Kurdish journalists, charged with supporting terrorism by covering the views and activities of the banned Kurdistan Workers Party, made up the majority of the imprisoned journalists. They are charged under a broadly worded anti-terror law that allows the authorities to conflate reporting activities with engaging in a terrorist enterprise. More than three-quarters of the imprisoned journalists had not been convicted of a crime but were being held as they awaited resolution of their cases.

Erdoğan has made a habit of filing defamation lawsuits and lashing out publicly at critics in the press and calling on media owners and editors to rein them in. “We are at the mercy of the government,” said one journalist, who spoke on condition of anonymity. “If I write something that [Erdoğan] gets mad about, he can get me fired the day after.” In this context, self-censorship is the key to remaining employed and out of jail.


Vietnam

With at least 14 journalists behind bars, Vietnam is Asia’s second-worst jailer of the press, according to CPJ’s annual worldwide census. Many of those detained have been charged or convicted of anti-state crimes related to their blog posts on politically sensitive topics. A 2012 CPJ special report found that Prime Minister Nguyen Tan Dung’s administration has targeted online journalism by imprisoning bloggers and enacting restrictive legislation.

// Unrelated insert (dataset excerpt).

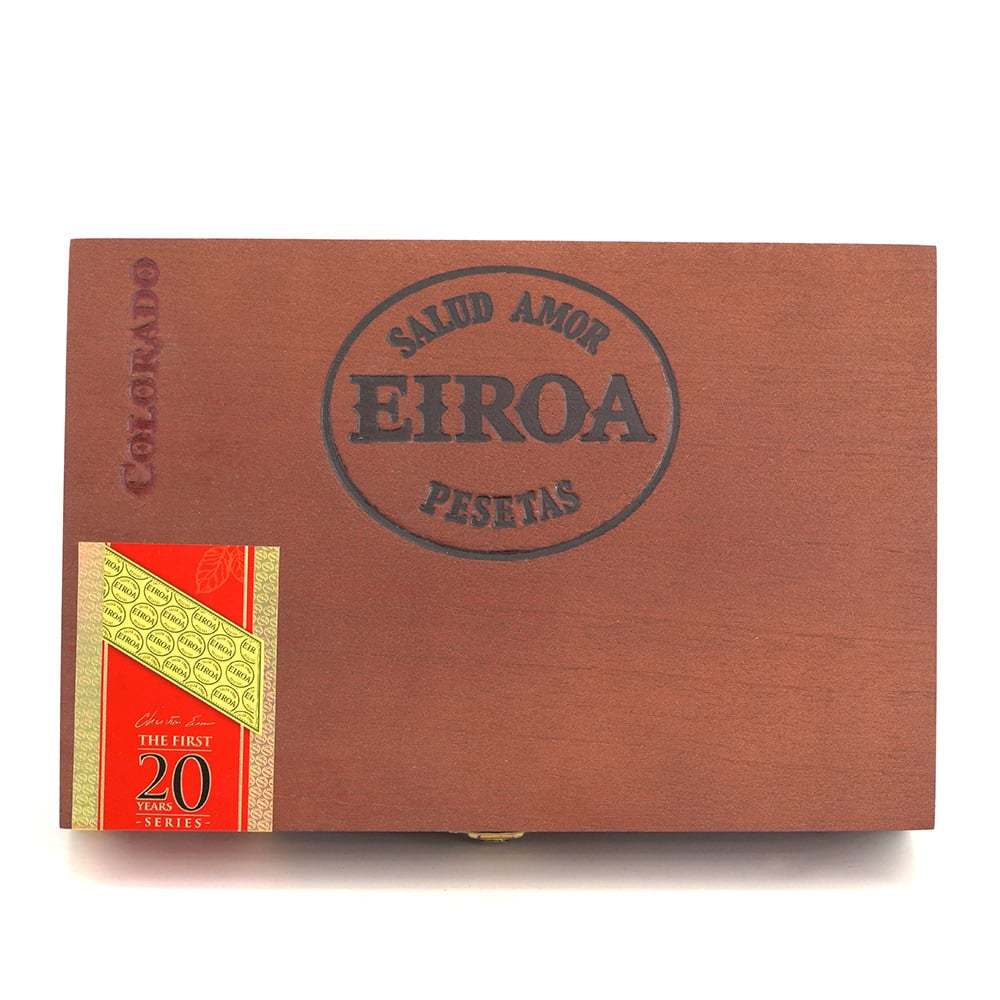 C.L.E Eiroa The First 20 Years Colorado Robusto Prensado 20s 埃罗拉 前二十年系列 科罗拉多州 盒压型罗布图 20支/盒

The Communist Party-dominated government controls all traditional news outlets in Vietnam; the authorities meet weekly with top newspaper editors to prescribe the news agenda and identify banned topics. “In Vietnam, there are a lot of issues that are not right–corruption, social issues, political problems–that journalists are not allowed to write about,” said Huynh Ngoc Chenh, a retired senior editor at Thanh Nien newspaper and a blogger.

Blogs and other online news outlets, once a relatively vibrant place for critical viewpoints, are the new targets of government censorship. Recent measures aimed at stifling online press freedom have included heightened surveillance of blogs, laws barring the posting of information viewed as a threat to national security or unity, and the deployment of security officials who pose online as ordinary Internet users and harshly criticize and harass bloggers, CPJ research found. A draft executive decree, if passed, would force international technology companies to set up data centers and offices in Vietnam, which analysts say would erode the security of IP addresses and make critical writers even more vulnerable.


Karen Phillips is a freelance writer working in New York. She previously served in CPJ’s Journalist Assistance and Americas programs and is the author of the 2011 CPJ special report, “After the Black Spring, Cuba’s New Repression.”